The exchange rate for 2012 is expected to be 3.10 RON / euro, compared to 3.35 today. With a growing gross national product (estimated at 222 billion euros in 2013), wages will also reach new levels and the current account deficit will decrease, the same newspapers say.

Beyond the optimistic predictions, Romanians aren't doing so bad today either. Human Resource and Marketing managers in Romania earn 1,000 euros more than their European homologues, making corporations say that "Low wages in Romania are on the verge to becoming a myth", Cotidianul reads.

So, where there's money, there should be luxury, so luxury real estate moguls fell more and more attracted by the Romanian market.

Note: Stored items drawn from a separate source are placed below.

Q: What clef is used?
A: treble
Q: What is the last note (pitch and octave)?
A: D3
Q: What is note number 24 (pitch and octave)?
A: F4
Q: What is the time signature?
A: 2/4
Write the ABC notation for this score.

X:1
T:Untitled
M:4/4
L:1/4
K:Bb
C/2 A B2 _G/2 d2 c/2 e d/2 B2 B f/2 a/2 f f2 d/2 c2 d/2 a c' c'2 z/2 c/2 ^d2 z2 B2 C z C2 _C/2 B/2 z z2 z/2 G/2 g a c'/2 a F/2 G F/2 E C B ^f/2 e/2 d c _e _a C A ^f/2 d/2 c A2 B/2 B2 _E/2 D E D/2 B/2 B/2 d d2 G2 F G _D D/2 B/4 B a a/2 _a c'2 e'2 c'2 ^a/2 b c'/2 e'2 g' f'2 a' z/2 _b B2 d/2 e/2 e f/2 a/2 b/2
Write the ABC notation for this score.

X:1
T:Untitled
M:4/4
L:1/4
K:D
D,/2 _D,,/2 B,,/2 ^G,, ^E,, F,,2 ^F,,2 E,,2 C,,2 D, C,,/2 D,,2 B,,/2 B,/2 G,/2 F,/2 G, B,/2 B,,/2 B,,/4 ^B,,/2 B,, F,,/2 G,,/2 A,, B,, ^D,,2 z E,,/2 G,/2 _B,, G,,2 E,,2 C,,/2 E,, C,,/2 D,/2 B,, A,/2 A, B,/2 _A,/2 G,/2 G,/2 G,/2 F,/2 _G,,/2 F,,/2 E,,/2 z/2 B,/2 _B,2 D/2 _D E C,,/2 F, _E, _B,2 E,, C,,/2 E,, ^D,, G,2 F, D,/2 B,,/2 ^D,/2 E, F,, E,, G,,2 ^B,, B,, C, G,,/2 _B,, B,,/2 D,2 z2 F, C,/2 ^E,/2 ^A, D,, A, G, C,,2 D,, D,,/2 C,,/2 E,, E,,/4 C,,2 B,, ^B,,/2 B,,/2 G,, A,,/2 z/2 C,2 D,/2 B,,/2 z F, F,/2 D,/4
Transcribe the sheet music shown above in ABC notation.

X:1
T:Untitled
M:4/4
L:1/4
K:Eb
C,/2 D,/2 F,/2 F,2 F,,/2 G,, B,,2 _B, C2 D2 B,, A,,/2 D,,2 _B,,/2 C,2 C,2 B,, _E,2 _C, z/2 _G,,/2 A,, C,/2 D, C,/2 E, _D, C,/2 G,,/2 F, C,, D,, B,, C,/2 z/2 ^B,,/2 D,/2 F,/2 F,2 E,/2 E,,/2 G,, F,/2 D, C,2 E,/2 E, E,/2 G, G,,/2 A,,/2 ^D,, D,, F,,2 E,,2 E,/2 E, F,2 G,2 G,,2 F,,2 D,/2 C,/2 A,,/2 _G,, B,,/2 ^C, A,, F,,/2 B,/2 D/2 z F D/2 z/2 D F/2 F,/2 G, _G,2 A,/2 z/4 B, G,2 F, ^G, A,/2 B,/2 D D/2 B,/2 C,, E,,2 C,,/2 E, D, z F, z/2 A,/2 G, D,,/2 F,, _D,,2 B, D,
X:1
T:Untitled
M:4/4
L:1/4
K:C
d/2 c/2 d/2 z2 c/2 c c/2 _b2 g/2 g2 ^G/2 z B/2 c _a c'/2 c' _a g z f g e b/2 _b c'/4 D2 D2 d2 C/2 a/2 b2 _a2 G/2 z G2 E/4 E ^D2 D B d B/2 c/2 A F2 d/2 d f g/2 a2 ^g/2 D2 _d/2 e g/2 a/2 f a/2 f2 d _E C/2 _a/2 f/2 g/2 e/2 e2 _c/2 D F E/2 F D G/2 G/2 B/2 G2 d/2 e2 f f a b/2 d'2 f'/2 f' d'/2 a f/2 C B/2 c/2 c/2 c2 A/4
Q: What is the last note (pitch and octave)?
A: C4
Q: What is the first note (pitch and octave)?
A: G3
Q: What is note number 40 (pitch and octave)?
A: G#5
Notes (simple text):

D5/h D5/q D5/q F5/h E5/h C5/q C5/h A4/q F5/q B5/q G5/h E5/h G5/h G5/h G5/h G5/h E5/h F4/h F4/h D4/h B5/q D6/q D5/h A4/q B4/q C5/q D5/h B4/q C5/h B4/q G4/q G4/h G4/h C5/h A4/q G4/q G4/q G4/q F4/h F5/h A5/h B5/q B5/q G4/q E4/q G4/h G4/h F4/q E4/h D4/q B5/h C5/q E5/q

Even Donald Trump, who is about to sign a collaboration protocol with Romanian institutions for future investments in office buildings and luxury real estate construction, same Cotidianul informs.

Also in business, US and Canadian oil and gas companies are interested in Romanian abandoned deposits, Encana, Marathon and Sterling being just some of the bidders, Gandul found out.

"The resources are too poor to be exploited without new and expensive technology, but they can afford it", says Octavian Cojocaru, deputy general manager at the Romanian Mineral Resources Agency (ANRM).

But enough good news. Back into politics, a political crisis similar to the one Romania just solved is about to burst violently in Ukraine. The duel between the president and the prime minister has all odds to become a street fight between their supporters, after the Ukrainian president dissolved the Parliament on Tuesday, Evenimentul Zilei reads.

In Romania, the problem was solved "the easy way": "New cabinet - voted for fear of early elections", Gandul reads.

But things aren't all that easy for Dan Voiculescu, head of the Conservative Party, and his daughter, Camelia Voiculescu, now under criminal pursuit for money laundering in favor of the party vice president, George Copos (also former vice prime minister for PM Tariceanu), Gandul and most other newspapers read.

And, for the taste, a piece of news we've been expecting for 17 years: two retired generals - Victor Athanasie Stanculescu and Mihai Chitac - were sentenced to 15 years in jail for the violent repression of the Romanian Revolution in Timisoara, in December 1989, Jurnalul National reads.

The sentenced can be appealed, but it's the gesture that counts after almost two decades without any guilty parties.